MySQL: Data structure for transitive relations

Question

I tried to design a data structure for easy and fast querying (delete, insert an update speed does not really matter for me).

The problem: transitive relations, one entry could have relations through other entries whose relations I don't want to save separately for every possibility.

Means--> I know that Entry-A is related to Entry-B and also know that Entry-B is related to Entry-C, even though I don't know explicitly that Entry-A is related to Entry-C, I want to query it.

What I think the solution is:

Eliminating the transitive part when inserting, deleting or updating.

Entry:
    id
    representative_id

I would store them as sets, like group of entries (not mysql set type, the Math set, sorry if my English is wrong). Every set would have a representative entry, all of the set elements would be related to the representative element.

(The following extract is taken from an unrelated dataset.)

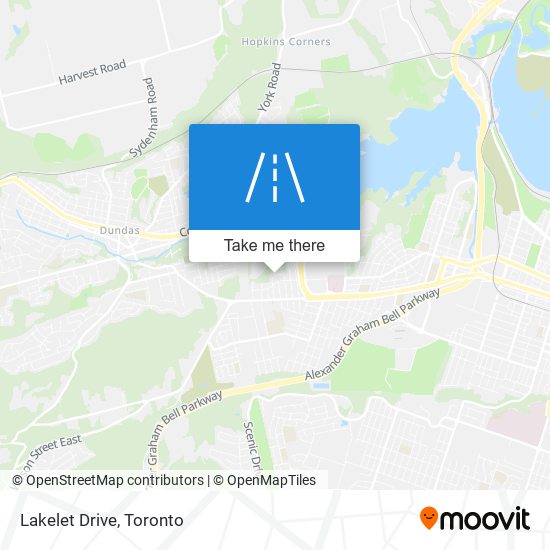 Lakelet Drive map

A new insert would insert the Entry and set the representative as itself.

enter image description here

If the newly inserted entry should be connected to another, I simply set the representative id of the newly inserted entry to the referred entry's rep.id.

Attach B to A

enter image description here

It doesn't matter, If I need to connect it to something that is not a representative entry, It would be the same, because every entry in the set would have the same rep.id.

Attach C to B

enter image description here

Detach B-C: The detached item would have become a representative entry, meaning it would relate to itself.

enter image description here

Detach B-C and attach C to X

enter image description here

Deletion: If I delete a non-representative entry, it is self explanatory. But deleting a rep.entry is harder a bit. I need to chose a new rep.entry for the set and set every set member's rep.id to the new rep.entry's rep.id.

So, delete A in this:

enter image description here

Would result this:

enter image description here

What do you think about this? Is it a correct approach? Am I missing something? What should I improve?

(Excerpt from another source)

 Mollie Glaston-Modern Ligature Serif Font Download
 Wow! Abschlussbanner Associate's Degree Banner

Edit: Querying: So, If I want to query every entry that is related to an certain entry, whose id i know:

~~SELECT * FROM entries a LEFT JOIN entries b ON (a.rep_id = b.rep_id) WHERE a.id = :id~~

SELECT * FROM AlkReferencia
WHERE rep_id=(SELECT rep_id FROM AlkReferencia
    WHERE id=:id);

About the application that requires this:

Basically, I am storing vehicle part numbers (references), one manufacturer can make multiple parts that can replace another and another manufacturer can make parts that are replacing other manufacturer's parts.

Reference: One manufacturer's OEM number to a certain product.

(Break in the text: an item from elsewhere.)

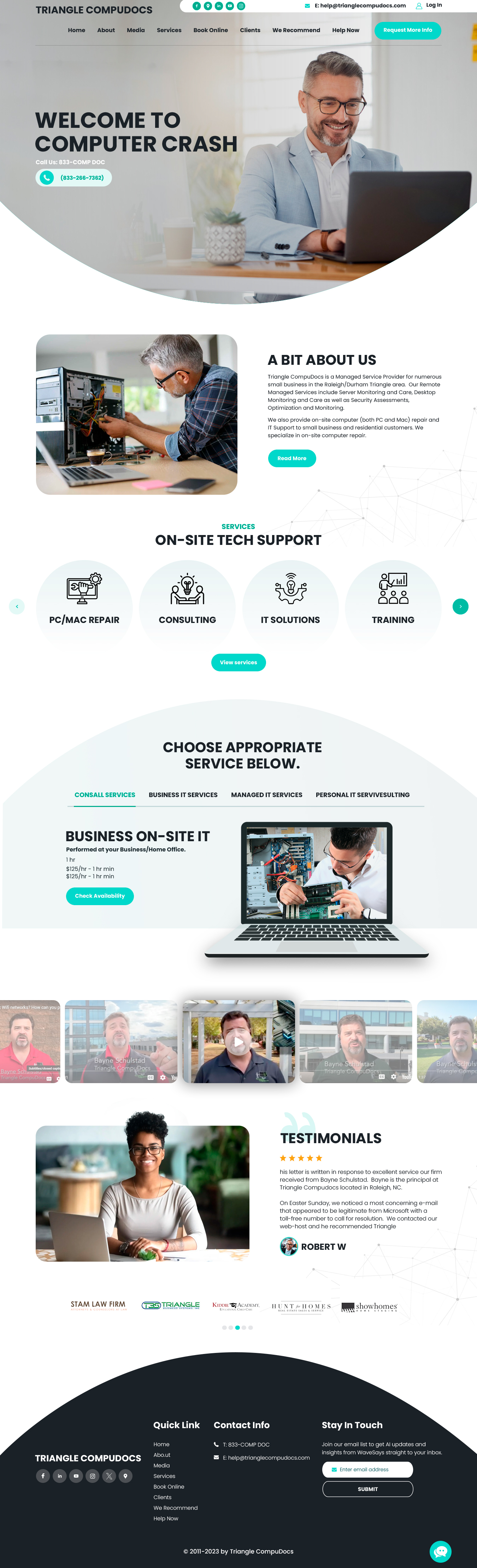Web Design by nzdesigners for Triangle CompuDocs | Design #34305849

Cross-reference: A manufacturer can make products that objective is to replace another product from another manufacturer.

I must connect these references in a way, when a customer search for a number (doesn't matter what kind of number he has) I can list an exact result and the alternative products.

To use the example above (last picture): B, D and E are different products we may have in store. Each one has a manufacturer and a string name/reference (i called it number before, but it can be almost any character chain). If I search for B's reference number, I should return B as an exact result and D,E as alternatives.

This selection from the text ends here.